Unless you live in New England. All six states have a journeyman's license requirement and you need to keep and maintain all six to travel and work, regardless of union affiliation.


----------



## brian john (Mar 11, 2007)

xaH said:


> Unless you live in New England. All six states have a journeyman's license requirement and you need to keep and maintain all six to travel and work, regardless of union affiliation.


Are the licenses reciprocal between the 6 states?


----------



## xaH (Jun 21, 2013)

brian john said:


> Are the licenses reciprocal between the 6 states?


Only between Mass. and the three northern New England states. The most heavily populated states (CT, MA, RI) do not reciprocate.


----------



## eejack (Jul 14, 2012)

Sure and in many states no 'license' is required, nor is it required to work for a licensed contractor, nor are they required to work on POCO facilities etc. etc. etc.

Additionally, if you are in a union in a state, your local is preparing you for whatever local requirements might exist.

Seriously, a bunch of petty folks on this forum.

The point was, the person I was responding too was making it out like his local license made him more valuable...and my point was the union does not care - you don't make anymore with or without a license.

And for what it is worth, it is so trivial to get a license in 99% of these localities as to make the licensing requirements a formality.

First requirement - proof of work. Easy - any union member has a work history, if they went through a normal apprenticeship then they have 5 years minimum before they can travel.

Second requirement - pay a fee.

When you start getting into contractor's licenses and pulling permits and working on your own, you start getting into difficult, but until then, common worker schtuff is trivial and easily obtained.

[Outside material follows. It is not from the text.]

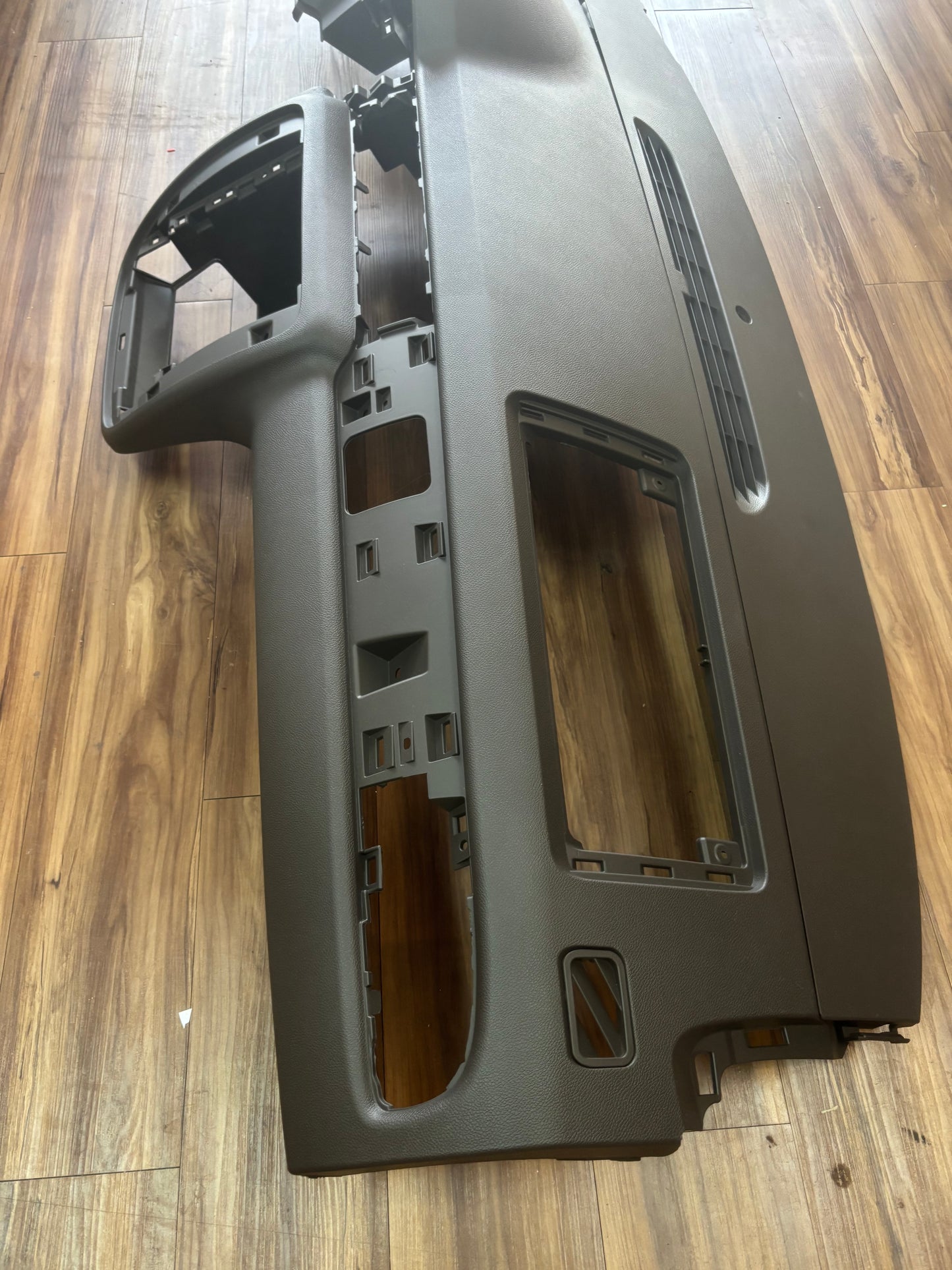 2007-2014 CHEVY TAHOE AVALANCHE LTZ YUKON DASHBOARD  ABS PLASTIC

I have spent years traveling and have never had any problems with licenses, especially since most locals have support systems set up to deal with it.

Sheesh...:no:


----------



## brian john (Mar 11, 2007)

> The point was, the person I was responding too was making it out like his local license made him more valuable...and my point was the union does not care - you don't make anymore with or without a license.


And your point is wrong in some localities. Not petty a REAL FACT.


----------



## eejack (Jul 14, 2012)

brian john said:


> And your point is wrong in some localities. Not petty a REAL FACT.


No, petty. 

Any union person working in a locality would be supported by the union to get any credentials required, ergo if you require some local license to work in DC, 26 will help you get it.

If you have 'extra' licensing you don't get 'extra' money.


----------



## BBQ (Nov 16, 2010)

eejack said:


> No, petty.
> 
> Any union person working in a locality would be supported by the union to get any credentials required, ergo if you require some local license to work in DC, 26 will help you get it.
> 
> If you have 'extra' licensing you don't get 'extra' money.


Without the states j-man license *they make nothing.*

So tell us again how it has no value. 

Jesus sometimes you act like a true idiot. :laughing:


----------



## Hackster (Jun 15, 2013)

eejack said:


> The point was, the person I was responding too was making it out like his local license made him more valuable...and my point was the union does not care - you don't make anymore with or without a license.


THe license in many, many places DOES in fact make a man more valuable because he can't work as a journeyman without it.


----------



## gaffer1 (Jun 20, 2013)

BBQ said:


> Without the states j-man license *they make nothing.*
> 
> So tell us again how it has no value.
> 
> Jesus sometimes you act like a true idiot. :laughing:


 BBQ he cannot be a "true" idiot unless he is a member of the Idiots union so he would be a rat" idiot:laughing:


----------



## gaffer1 (Jun 20, 2013)

Hackster said:


> THe license in many, many places DOES in fact make a man more valuable because he can't work as a journeyman without it.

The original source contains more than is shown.